White Collar Blues is an Unaddressed Economic and Political Issue

Washington    A line in an Associated Press story in the local papers caught my eye:  “Since 2008, roughly a third of major US metro areas lost a great percentage of white-collar jobs than blue-collar jobs.”

That’s not the political and economic headliner that most people are following.  The Trump administration is trying to save the jobs of the last coal miners and their segment of the angry, underemployed factory workers in heavy industry.  General Motors announced layoffs of 14,000 workers recently, 8000 were white-collar and 6000 were blue collar.  Most of the focus has been on production facilities being shut down in the United States and Canada, but it seems that a huge number of the white-collar jobs shed by the company are highly skilled and well-paid engineers.  The much heralded and rocky transition from fuel injected combustion engines to self-driving and in many cases, battery operated vehicles means that mechanical engineers are being scuttled for software jockeys of a coming generation of workers.
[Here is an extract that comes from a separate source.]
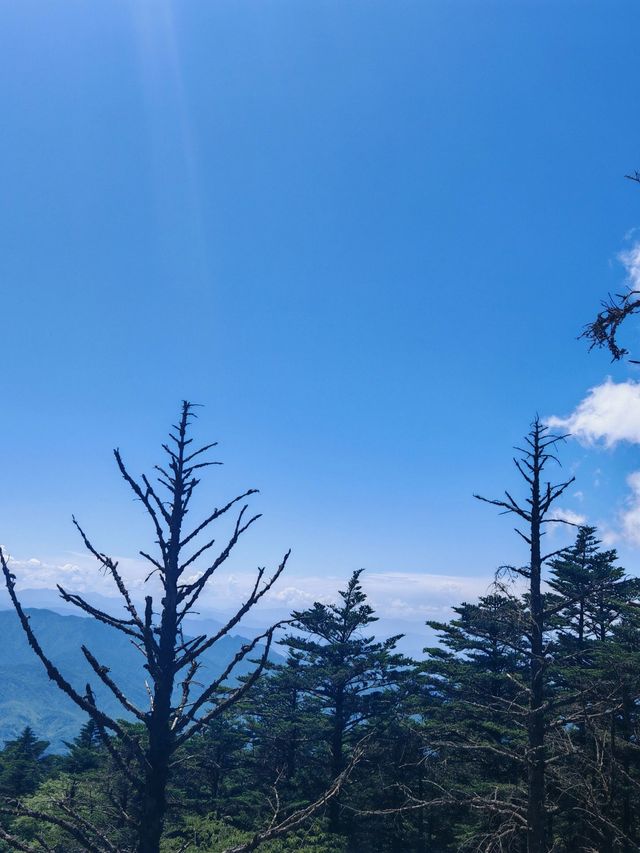 峨眉山5日遊 玩轉全山不重樣。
These white-collar workers, just like the millions of blue-collar workers, are trainable and many of them are highly educated and proficient, but that doesn’t mean transitioning them to new skills and new jobs solves the problem of age, location, and simply the time necessary to learn and become proficient.

Where is the investment being made by federal and state governments in those retraining programs?  For decades it has been a poorly recognized scandal that virtually no level of government has built a replicable training and reskilling model. The Amazon search was interesting in bringing attention to a couple of cities that had made real progress in this area, but nationally we aren’t Germany.  We are still training hairdressers and auto mechanics in some communities!  I’m not sure how many of these white-collar workers are going to be voting Republican if the only job training is getting a certified nursing assistant certificate.

As candidates start to look at platforms that might make a difference in upcoming elections, these high-road training options need to be front and center.   Some politicians are getting this.  Talking to a friend in Wisconsin recently, it was encouraging how a newly elected governor and his staff were already reaching out for help and advice to the best and brightest with experience in the areas of exactly this kind of economic development, way past the daily news about trade spats and blaming other countries for our lack of investment in our people.

This is a fast-moving disaster coming our way with huge implications everywhere for everyone.  We need to move this closer to the top of the list.